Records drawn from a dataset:
○ ○ ○ ○ ○ ○ ○

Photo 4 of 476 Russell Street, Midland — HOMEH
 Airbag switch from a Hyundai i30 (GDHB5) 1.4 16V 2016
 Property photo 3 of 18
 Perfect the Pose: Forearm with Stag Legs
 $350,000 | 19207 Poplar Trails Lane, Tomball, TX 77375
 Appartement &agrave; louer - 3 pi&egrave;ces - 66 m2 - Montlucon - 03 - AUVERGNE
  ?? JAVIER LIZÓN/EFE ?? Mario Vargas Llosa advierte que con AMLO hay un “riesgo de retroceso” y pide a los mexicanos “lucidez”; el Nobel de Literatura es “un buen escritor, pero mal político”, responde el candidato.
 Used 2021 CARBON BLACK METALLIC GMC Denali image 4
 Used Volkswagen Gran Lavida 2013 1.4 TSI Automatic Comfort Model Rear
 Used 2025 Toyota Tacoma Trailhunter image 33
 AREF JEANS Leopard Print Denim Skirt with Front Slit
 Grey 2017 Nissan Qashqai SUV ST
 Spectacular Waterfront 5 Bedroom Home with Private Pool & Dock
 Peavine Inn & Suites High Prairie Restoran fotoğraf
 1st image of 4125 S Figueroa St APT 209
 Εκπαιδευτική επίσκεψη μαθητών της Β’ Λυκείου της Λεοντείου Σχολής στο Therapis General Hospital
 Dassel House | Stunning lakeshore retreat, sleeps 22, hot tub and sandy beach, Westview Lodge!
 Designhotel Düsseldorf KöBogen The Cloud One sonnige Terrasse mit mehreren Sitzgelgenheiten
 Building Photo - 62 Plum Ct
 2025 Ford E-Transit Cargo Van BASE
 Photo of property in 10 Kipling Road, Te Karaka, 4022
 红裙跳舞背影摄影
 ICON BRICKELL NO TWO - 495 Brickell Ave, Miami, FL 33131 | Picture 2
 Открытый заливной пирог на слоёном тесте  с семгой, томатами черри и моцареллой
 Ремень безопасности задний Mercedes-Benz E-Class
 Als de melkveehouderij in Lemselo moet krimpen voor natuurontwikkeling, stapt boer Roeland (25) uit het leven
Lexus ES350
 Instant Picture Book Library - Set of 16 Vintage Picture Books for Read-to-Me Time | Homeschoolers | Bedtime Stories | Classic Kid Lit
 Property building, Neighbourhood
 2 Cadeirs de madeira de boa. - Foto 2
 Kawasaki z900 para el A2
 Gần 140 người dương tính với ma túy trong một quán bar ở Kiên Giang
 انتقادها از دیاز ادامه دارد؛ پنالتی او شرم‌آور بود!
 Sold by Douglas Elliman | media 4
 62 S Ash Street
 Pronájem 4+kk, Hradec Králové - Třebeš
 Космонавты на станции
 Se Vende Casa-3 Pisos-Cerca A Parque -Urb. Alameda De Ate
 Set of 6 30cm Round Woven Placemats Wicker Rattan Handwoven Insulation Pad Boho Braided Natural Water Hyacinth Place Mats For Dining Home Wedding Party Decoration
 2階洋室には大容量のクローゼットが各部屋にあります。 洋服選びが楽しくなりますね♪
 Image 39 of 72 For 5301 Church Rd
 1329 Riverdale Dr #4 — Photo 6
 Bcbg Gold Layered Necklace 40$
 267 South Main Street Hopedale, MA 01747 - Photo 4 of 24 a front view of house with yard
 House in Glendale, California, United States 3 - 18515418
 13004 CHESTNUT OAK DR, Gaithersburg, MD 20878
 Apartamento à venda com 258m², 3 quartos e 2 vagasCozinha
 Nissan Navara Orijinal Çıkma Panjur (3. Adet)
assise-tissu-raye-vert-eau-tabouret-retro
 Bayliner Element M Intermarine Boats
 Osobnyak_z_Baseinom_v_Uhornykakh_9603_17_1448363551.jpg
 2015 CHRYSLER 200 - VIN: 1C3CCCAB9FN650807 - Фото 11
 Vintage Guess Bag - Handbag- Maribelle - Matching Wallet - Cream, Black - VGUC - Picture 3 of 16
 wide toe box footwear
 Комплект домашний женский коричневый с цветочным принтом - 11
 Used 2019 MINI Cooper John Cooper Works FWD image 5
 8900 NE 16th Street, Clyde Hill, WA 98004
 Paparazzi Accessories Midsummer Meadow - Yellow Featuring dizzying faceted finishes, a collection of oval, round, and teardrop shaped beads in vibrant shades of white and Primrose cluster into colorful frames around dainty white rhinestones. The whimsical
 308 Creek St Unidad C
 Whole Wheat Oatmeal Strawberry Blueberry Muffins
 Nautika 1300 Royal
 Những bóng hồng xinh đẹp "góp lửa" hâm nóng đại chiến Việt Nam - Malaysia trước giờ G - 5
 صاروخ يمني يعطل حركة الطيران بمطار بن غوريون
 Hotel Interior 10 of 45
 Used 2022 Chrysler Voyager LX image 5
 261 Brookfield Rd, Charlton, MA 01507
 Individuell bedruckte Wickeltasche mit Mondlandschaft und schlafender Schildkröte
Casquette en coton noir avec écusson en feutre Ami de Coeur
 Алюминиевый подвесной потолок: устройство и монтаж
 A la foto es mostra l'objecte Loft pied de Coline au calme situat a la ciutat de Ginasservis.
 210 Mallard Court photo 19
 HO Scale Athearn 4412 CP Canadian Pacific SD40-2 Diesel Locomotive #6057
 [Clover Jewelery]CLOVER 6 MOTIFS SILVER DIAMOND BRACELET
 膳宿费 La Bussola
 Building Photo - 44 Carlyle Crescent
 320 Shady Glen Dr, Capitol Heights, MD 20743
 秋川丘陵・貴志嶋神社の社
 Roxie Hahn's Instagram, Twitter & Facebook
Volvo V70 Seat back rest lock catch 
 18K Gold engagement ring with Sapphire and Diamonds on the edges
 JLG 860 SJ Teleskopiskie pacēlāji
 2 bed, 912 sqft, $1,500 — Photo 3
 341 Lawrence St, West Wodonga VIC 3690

○ ○ ○ ○ ○ ○ ○

[YOUR INSTRUCTIONS]: Restate exactly the records above from their first line through the line that holds "Appartement &agrave; louer", please, including both and leaving out all others.

[OUTPUT FOR THIS TASK]:
Photo 4 of 476 Russell Street, Midland — HOMEH
 Airbag switch from a Hyundai i30 (GDHB5) 1.4 16V 2016
 Property photo 3 of 18
 Perfect the Pose: Forearm with Stag Legs
 $350,000 | 19207 Poplar Trails Lane, Tomball, TX 77375
 Appartement &agrave; louer - 3 pi&egrave;ces - 66 m2 - Montlucon - 03 - AUVERGNE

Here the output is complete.